The US State Department has strongly condemned Israel’s national security minister, Itamar Ben-Gvir, for what it described as “inflammatory comments” he made about Palestinians, and said that it denounces “all racist rhetoric.”
Ben-Gvir said during an interview on Israeli TV on Wednesday that his rights in the occupied West Bank are more important than those of Palestinians. His comments sparked a storm of protest online as video clips of his comments spread on social media, the BBC reported on Friday.
“My right, my wife’s, my children’s, to roam the roads of Judea and Samaria are more important than the right of movement of the Arabs,” he told Arab-Israeli journalist Mohammed Magadli during a studio interview.
“Sorry, Mohammed, but this is the reality, that’s the truth. My right for life comes before their right to movement.”
His remarks came against a backdrop of escalating violence in which three Israelis were killed by Palestinian gunmen in separate attacks, one of which happened near Hebron, where Ben-Gvir lives in a Jewish settlement. As they searched for the killers, Israeli authorities imposed greater restrictions on the movement of thousands of Palestinians.
The minister’s comments went viral and triggered a backlash from Palestinians and Israeli opposition figures. He described the controversy as “fake news” and slammed the “radical left” for “misquoting” him.
One of those who shared a video of his comments online was Palestinian American model Bella Hadid. In her post on Instagram, where she has almost 60 million followers, she wrote: “In no place, no time … should one life be more valuable than another’s.”
Ben-Gvir responded by posting a message on X, formerly known as Twitter, on Friday in which he accused Hadid of being an “Israel hater” who had made him sound “racist and dark.”
The minister leads the far-right, ultranationalist Otzma Yehudit, or Jewish Power, political party, which espouses racist, anti-Arab policies. He has convictions for inciting racism and supporting a terrorist organization.
When Prime Minister Benjamin Netanyahu formed his coalition government in December, he put Ben-Gvir in charge of Israel’s militarized border police force that operates in occupied East Jerusalem and the West Bank.
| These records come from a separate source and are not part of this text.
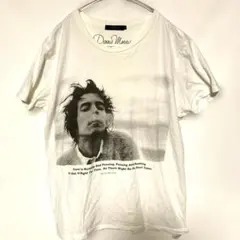 SLICK デニスモリス フォトTシャツ サイズ1 S相当 古着 白 スリックのサムネイル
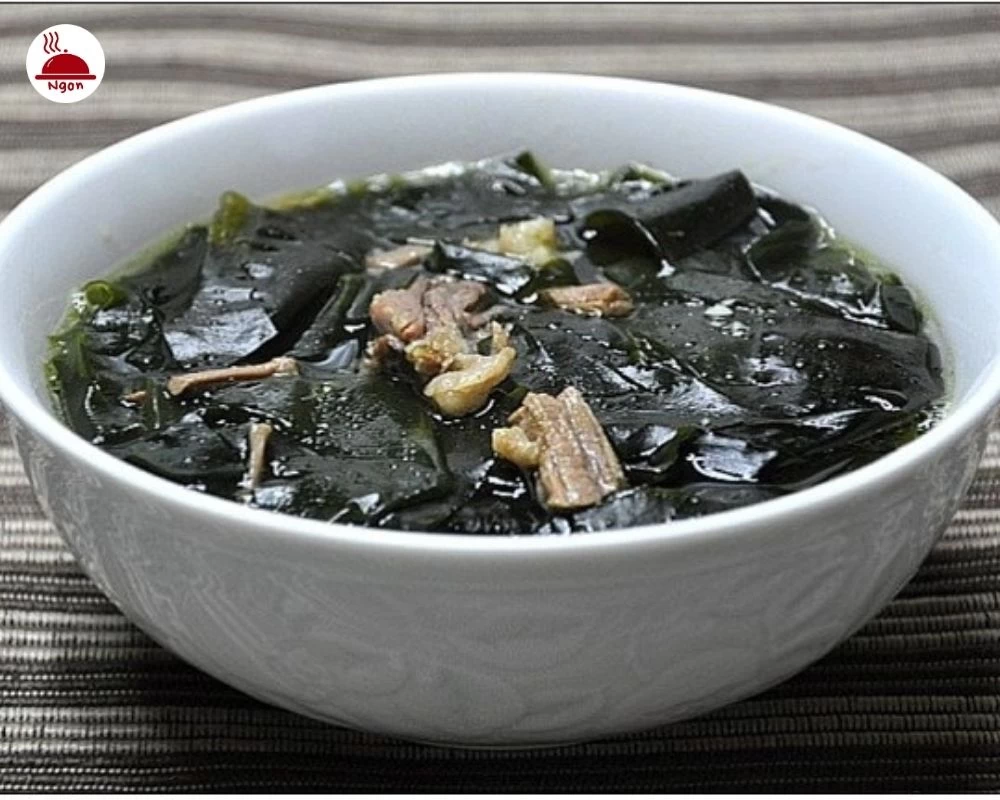 Canh rong biển thịt bò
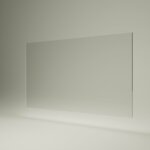 x-ray lead glass window size 1500x900mm for radiation protection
The Palestinian Authority condemned “in the strongest terms the racist and heinous remarks by Israel’s fascist minister Itamar Ben-Gvir, which only confirms Israel’s apartheid regime of Jewish supremacy and racial terror against the Palestinian people.”
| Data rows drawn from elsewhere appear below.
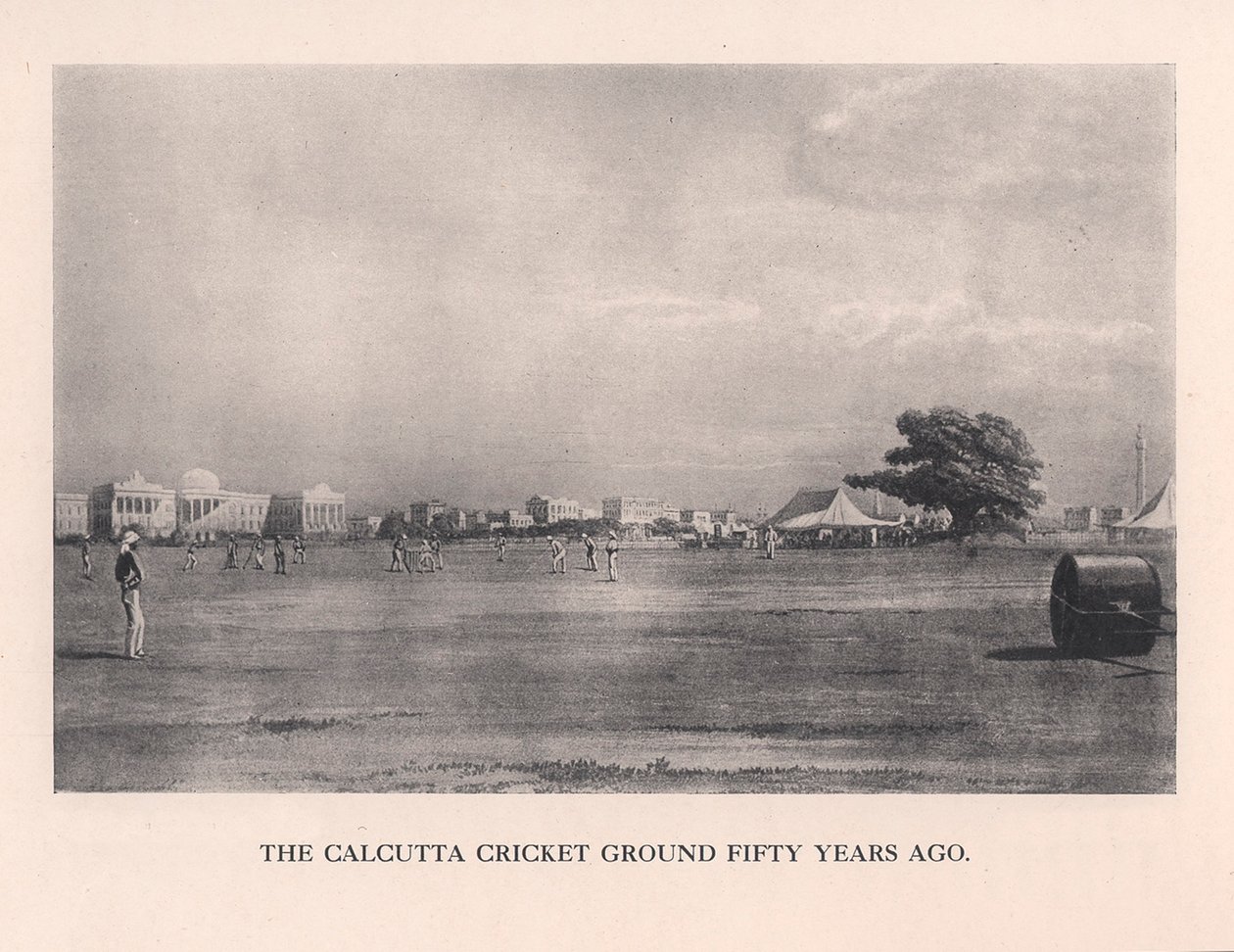Il campo di cricket di Calcutta, India, 1861-1912 da Unbekannt
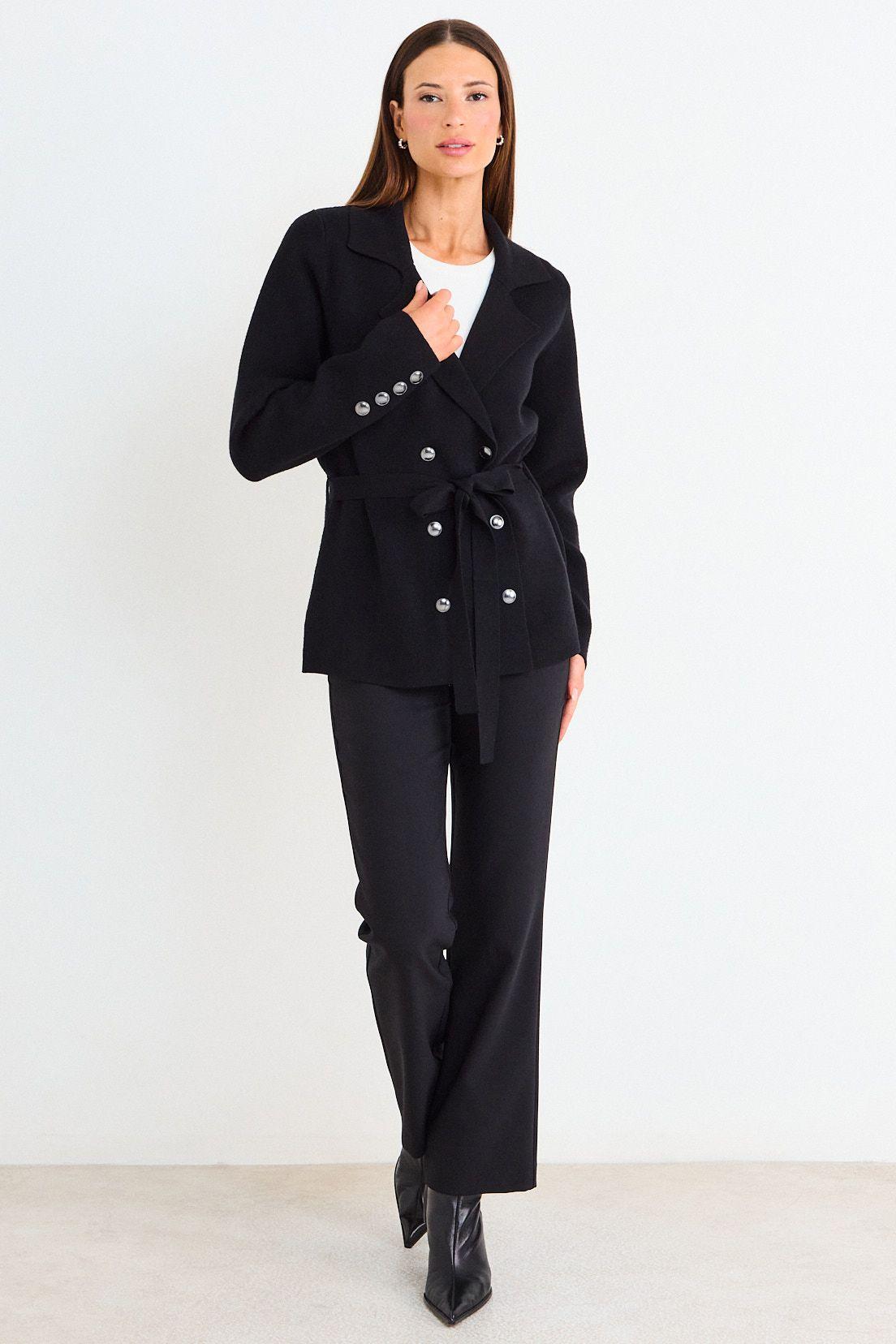 Cardigan Cruzado Lazo Negro Ash 18007126007102-4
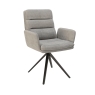 Helsinki Swivel Dining Chair Light Grey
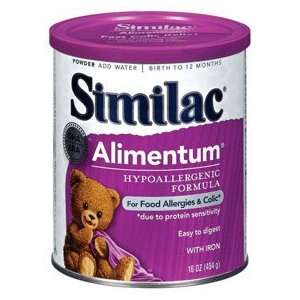 Similac Alimentum Hypoallergenic Formula with Iron, Powder   16 oz, 6 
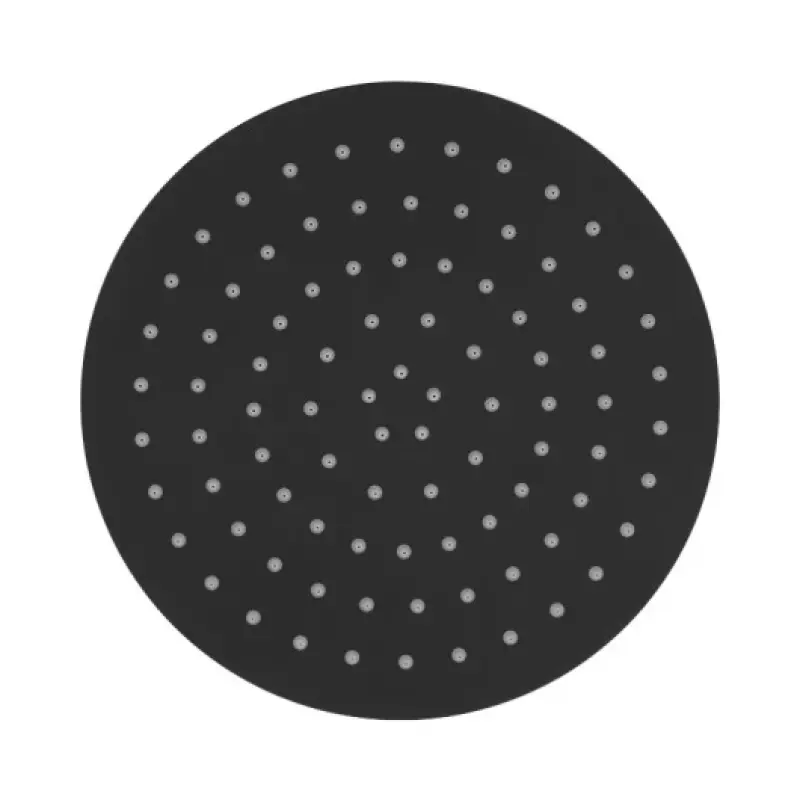 SB Rubinetterie Ντους βροχής Eco Air κεφαλή ντους εξοικονόμησης νερού 25cm μέταλλο ματ μαύρο 1208946742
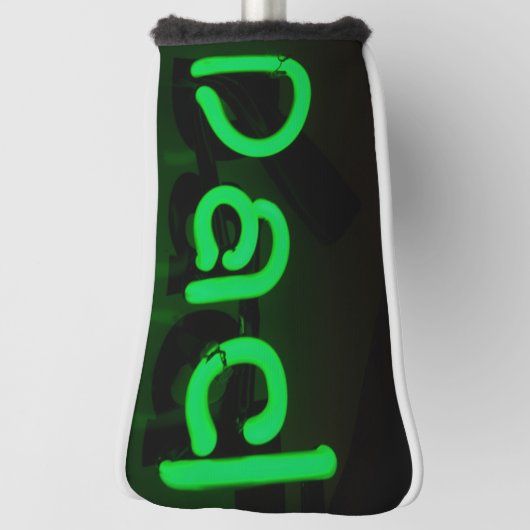 Pap in Green Neon Golfheadcover (Draai 90)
Karine Elharrar, an Israeli MP from the opposition Yesh Atid party, described the minister as “the authentic representative of the most racist, messianic and Kahanist government we’ve ever had.”
The roots of Ben-Gvir’s political background lie in Kahanism, an extremist, violently racist ideology that supports the expulsion of Palestinians from their lands.
In response to requests by Israeli journalists for a comment about Ben-Gvir’s comments, a US State Department spokesperson said on Thursday night: “We strongly condemn Israeli Minister Ben-Gvir’s inflammatory comments on the freedom of movement of Palestinian residents in the West Bank.
“We condemn all racist rhetoric, as such messages are particularly damaging when amplified by those in leadership positions and are incongruent with advancing respect for human rights for all.”
On Friday, the EU also “strongly condemned” Ben-Gvir for his comments, saying that “the values of democracy and respect for human rights stand central to the EU-Israel partnership, including as regards the people living under occupation in the Palestinian territory.”
Parties that represent Arab Israelis, Palestinian citizens of Israel, and Israeli anti-occupation groups also condemned Ben-Gvir’s remarks but many pointed out that the comments simply reflect the longstanding reality of life for Palestinians in the West Bank, the BBC reported.
B’tselem, an Israeli nongovernmental human rights organization that provides support for Palestinians living under occupation, said: “This is the reality we see on the ground, every day, for five decades. The rights of the Jews are more important than the rights of the Arabs — this is what apartheid looks like.”